Noted Holocaust researcher Father Patrick Desbois to give talk at Vanderbilt

Father Patrick Desbois visits the Benedictine Monastery in Abu Gosh, Israel, Oct. 17. The French priest has dedicated part of his life to seeking out witnesses to Nazi mass executions in remote Ukrainian villages. (CNS photo/Debbie Hill) (Oct. 26, 2007) See UKRAINE-DESBOIS Oct. 26, 2007.
Father Patrick Desbois (CNS photo/Debbie Hill)

Father Patrick Desbois, a Roman Catholic priest who has devoted his life to researching the Holocaust, fighting anti-Semitism, and furthering relations between Catholics and Jews, will give the keynote address Tuesday, Oct. 25, for the 39th annual Holocaust Lecture Series at Vanderbilt University.

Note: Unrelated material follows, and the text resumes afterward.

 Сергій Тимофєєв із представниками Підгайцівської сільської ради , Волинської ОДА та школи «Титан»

The grandson of a French soldier held prisoner during World War II in the Nazi prison camp Rawa Ruska on the Poland–Ukraine border, Desbois in 2004 began researching the stories of Jews, Roma, and other victims murdered in Eastern Europe during World War II by Nazi mobile killing units, the Einsatzgruppen. These systematic mass killings, which began before the gassings at Nazi concentration and extermination camps, were a little-known chapter of World War II and the Holocaust.

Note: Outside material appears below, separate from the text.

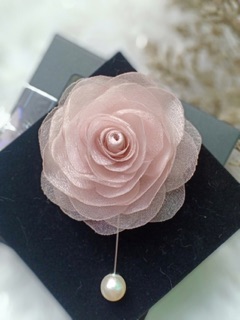 Hoa cài áo handmade đế nam châm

[lquote]Desbois founded an organization, Yahad-In Unum, dedicated to locating the mass graves of Jewish victims of the Nazi mobile killing units[/lquote], and has written about his daunting work in the book The Holocaust by Bullets: A Priest’s Journey to Uncover the Truth Behind the Murder of 1.5 Million Jews. Last year Desbois and his work also was the subject of a CBS News story titled “The Hidden Holocaust” on 60 Minutes.

Desbois will sign copies of his award-winning book at 6:15 p.m. in the lobby of Langford Auditorium at Vanderbilt. His lecture, which is free and open to the public, begins at 7 p.m. in the auditorium.

Currently, a traveling exhibit, Holocaust by Bullets, based on Desbois’ work is on display at The Temple in Nashville through Thursday, Nov. 3.

The Holocaust Lecture Series at Vanderbilt—the longest-running program of its kind held at U.S. universities—benefits from the continuing collaboration and relationship between the Office of the University Chaplain and Religious Life at Vanderbilt and the Tennessee Holocaust Commission. The THC has had an office within the university’s religious life office since 1984, and has partnered with Vanderbilt to help bring survivors, scholars and noted speakers to campus to foster knowledge and understanding about the Holocaust.